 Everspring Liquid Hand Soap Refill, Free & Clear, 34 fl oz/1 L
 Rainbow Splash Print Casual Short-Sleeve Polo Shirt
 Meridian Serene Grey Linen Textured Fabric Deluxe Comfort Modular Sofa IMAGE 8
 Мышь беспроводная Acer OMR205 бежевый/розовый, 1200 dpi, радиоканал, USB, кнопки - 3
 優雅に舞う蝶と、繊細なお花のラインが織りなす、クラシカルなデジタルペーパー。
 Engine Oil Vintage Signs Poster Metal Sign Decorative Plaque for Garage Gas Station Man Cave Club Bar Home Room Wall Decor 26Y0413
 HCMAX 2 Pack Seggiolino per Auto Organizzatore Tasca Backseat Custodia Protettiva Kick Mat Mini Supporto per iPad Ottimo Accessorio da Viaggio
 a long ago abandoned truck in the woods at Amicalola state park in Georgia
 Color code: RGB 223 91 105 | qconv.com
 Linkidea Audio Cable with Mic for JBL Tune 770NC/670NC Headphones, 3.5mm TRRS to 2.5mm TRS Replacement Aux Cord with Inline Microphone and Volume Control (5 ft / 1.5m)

(What you have to do):
Write the entries above out again, verbatim.

(Solution):
 Everspring Liquid Hand Soap Refill, Free & Clear, 34 fl oz/1 L
 Rainbow Splash Print Casual Short-Sleeve Polo Shirt
 Meridian Serene Grey Linen Textured Fabric Deluxe Comfort Modular Sofa IMAGE 8
 Мышь беспроводная Acer OMR205 бежевый/розовый, 1200 dpi, радиоканал, USB, кнопки - 3
 優雅に舞う蝶と、繊細なお花のラインが織りなす、クラシカルなデジタルペーパー。
 Engine Oil Vintage Signs Poster Metal Sign Decorative Plaque for Garage Gas Station Man Cave Club Bar Home Room Wall Decor 26Y0413
 HCMAX 2 Pack Seggiolino per Auto Organizzatore Tasca Backseat Custodia Protettiva Kick Mat Mini Supporto per iPad Ottimo Accessorio da Viaggio
 a long ago abandoned truck in the woods at Amicalola state park in Georgia
 Color code: RGB 223 91 105 | qconv.com
 Linkidea Audio Cable with Mic for JBL Tune 770NC/670NC Headphones, 3.5mm TRRS to 2.5mm TRS Replacement Aux Cord with Inline Microphone and Volume Control (5 ft / 1.5m)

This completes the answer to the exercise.